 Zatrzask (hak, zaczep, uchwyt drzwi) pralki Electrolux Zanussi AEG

──────

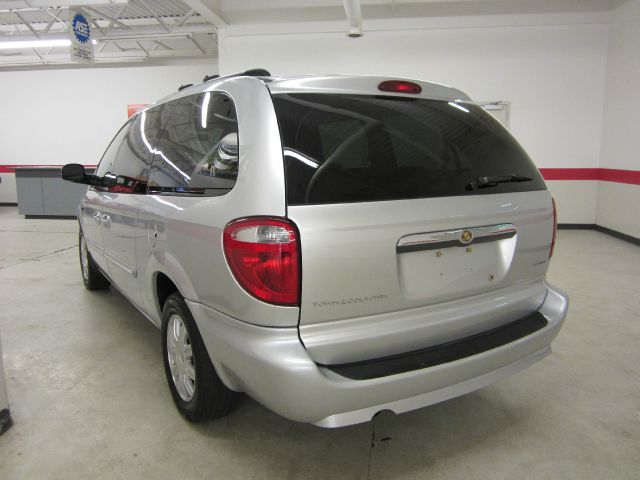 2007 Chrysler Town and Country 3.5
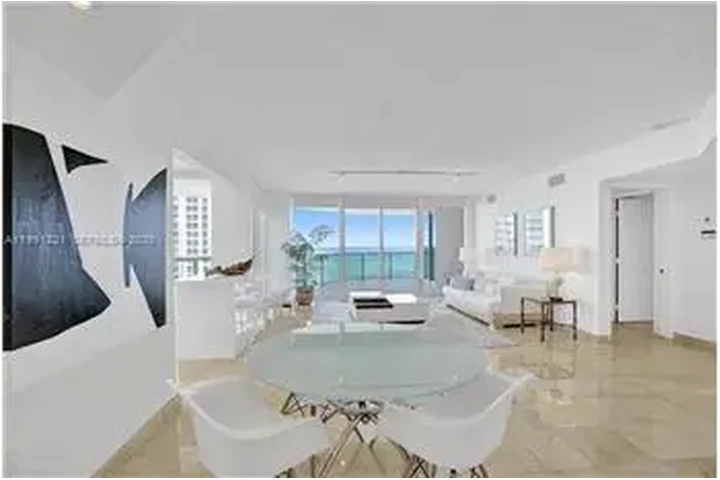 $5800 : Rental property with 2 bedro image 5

──────

Exactly reproduce the lines above, starting at the one that contains "2007 Chrysler Town and Country 3.5" and ending at the one that contains "bedro image 5", both inclusive; leave the pictures out and add no other lines.

◆ **Answer for this exercise**:
 2007 Chrysler Town and Country 3.5
 $5800 : Rental property with 2 bedro image 5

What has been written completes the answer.